Hydrogen was found to be leaking from a vent line during cryogenic loading operations. The leak was attributed to a cracked weld on a hydrogen vent line that consisted of (1) double wall aluminum piping and (2) slotted spacers between the inner and outer line to provide a hydrogen gas blanket for insulation. The weld that failed was repaired using a "clamshell" over the area of the failed weld in order to support continued operations. A portion of the failed weld was removed for analysis prior to the repair. After operations, the clamshell repair was excised from the non-vacuum-jacketed double wall piping to allow further analysis of the failed weld. It was later replaced with a new half shell piping section.
- Hydrogen Storage Equipment
- Vent line
An investigation team was formed to determine the cause of this anomaly. The team performed a fault tree analysis which identified the following five main paths or gates: fault in the original weld, age, component not built per design intent, overstress, and design error. This led to 48 events on the fault tree, all of which were investigated. The investigation, analysis and testing determined that the first path, fault in the original weld, was the primary source of the failure.
The fault tree analysis pointed to three probable and two possible contributors of the failure. The probable contributors included incorrect filler rod selected by welder, insufficient fusion in the weld, and insufficient weld penetration. The possible contributors included incorrect power level setting and incorrect heat level applied during welding.

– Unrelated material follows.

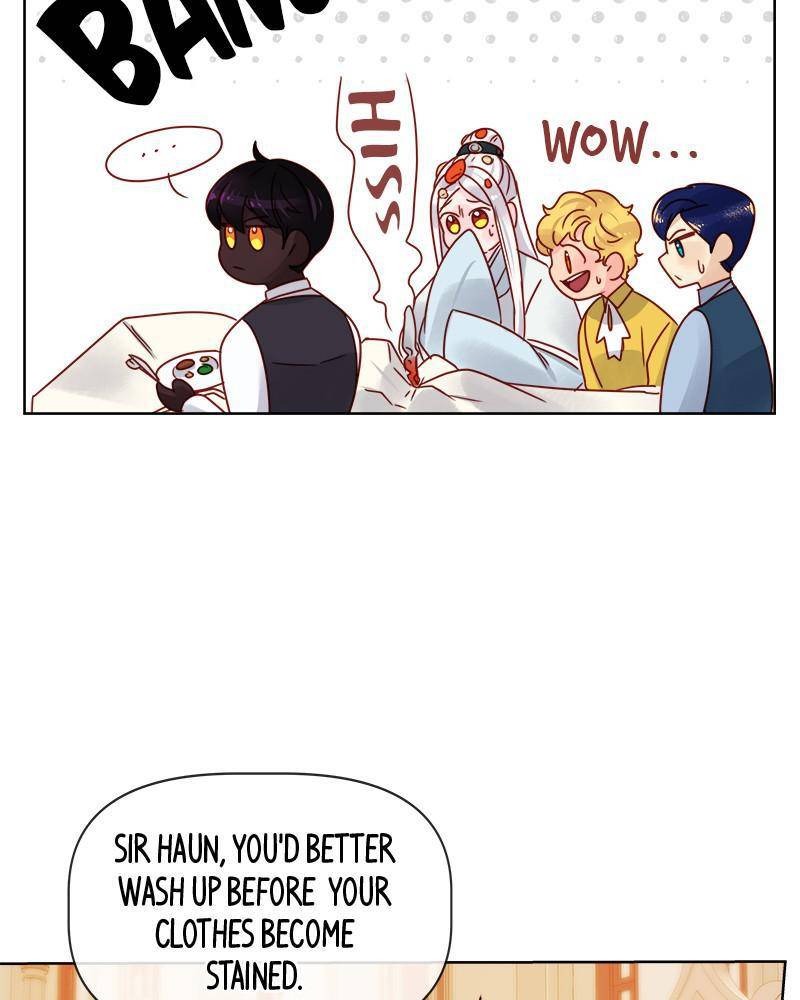 The Princess’ Jewelry Box Chapter 13 page 66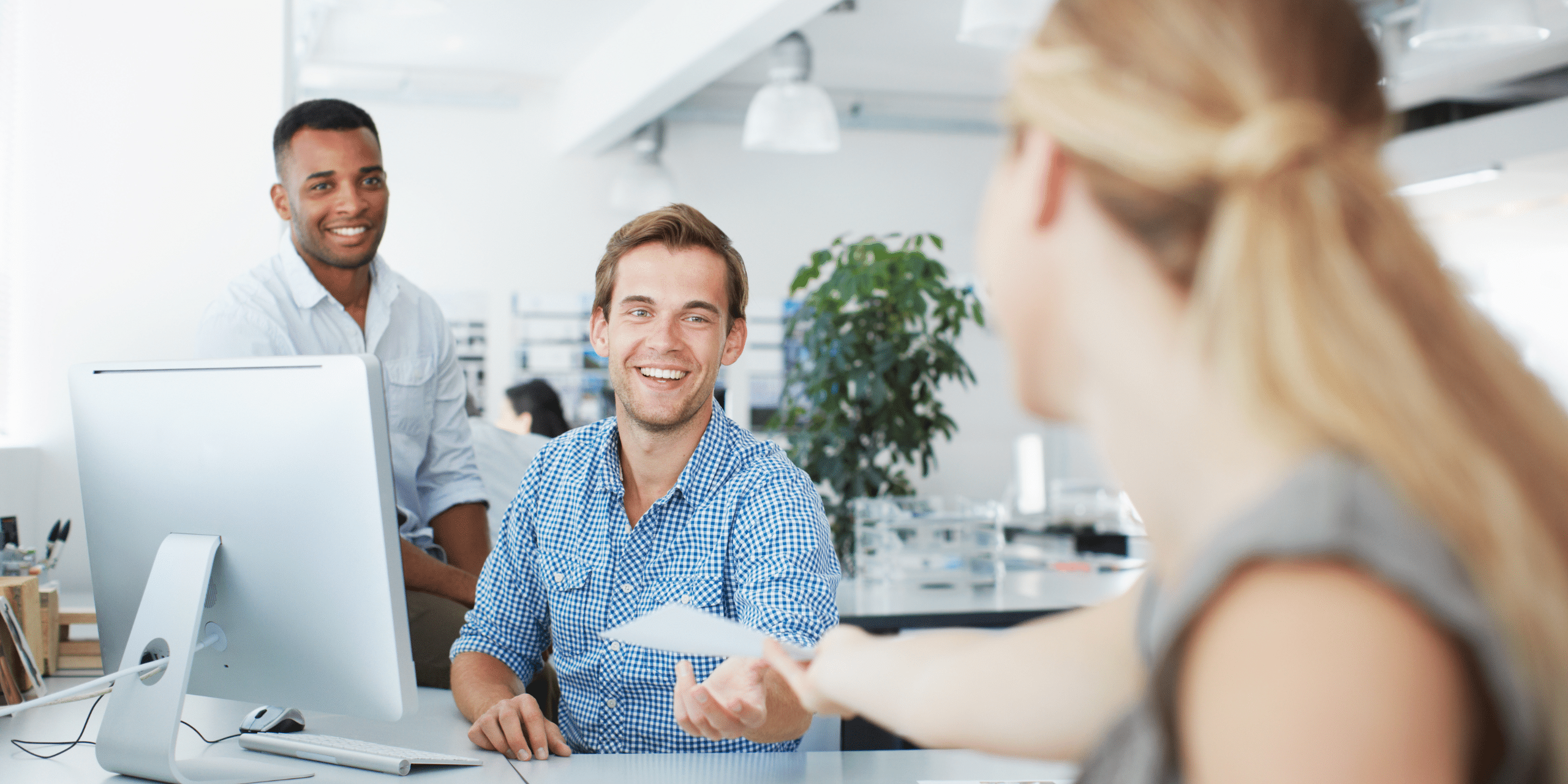 LJHHL Blog_4 Reasons to have a Lending Specialist on your side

Materials laboratory work confirmed that improper filler metal (4043 Al) was used to weld the 5083 Al alloy vent pipe. The 5083/4043 combination is not recommended for Al welding per either current or past standards. In addition, the failed weld was a very poor weld, most likely a field weld. NDE data indicated a higher number and severity of defects in this weld compared to other welds in the vent line. According to the material lab's failure analysis report, the weld failure resulted from tensile overload originating at the bottom surface of the vent line during tanking operations and was likely the result of a single overload event.
Vent line inspection was performed to identify other suspect welds. Inspection methods included the following: visual inspection, conductivity tests on both sides of each weld to identify the pipe metal (5000 or 6000 series Al), helium leak check of welds, non-destructive evaluation (NDE) using a combination of x-rays and ultrasonic testing, and silicon etch tests to identify weld material. The silicon etch test procedure was successfully developed in the course of this effort to identify 4043 weld filler material in the field.
Instrumentation attached to vent lines during subsequent operations has provided data for the ongoing weld stress analysis and screening criteria to determine which welds required clamshell repairs. Weld defect growth/propagation can now be monitored at periodic intervals.
An unexpected temperature difference of ~200 deg F between the top and bottom of the piping was found to occur during tanking operations in the same area of the failed weld. This temperature difference was responsible for the high thermal stress seen there. Data indicates that the peak stress in that pipe section occurred at about the same time that the weld failed and was higher than predicted.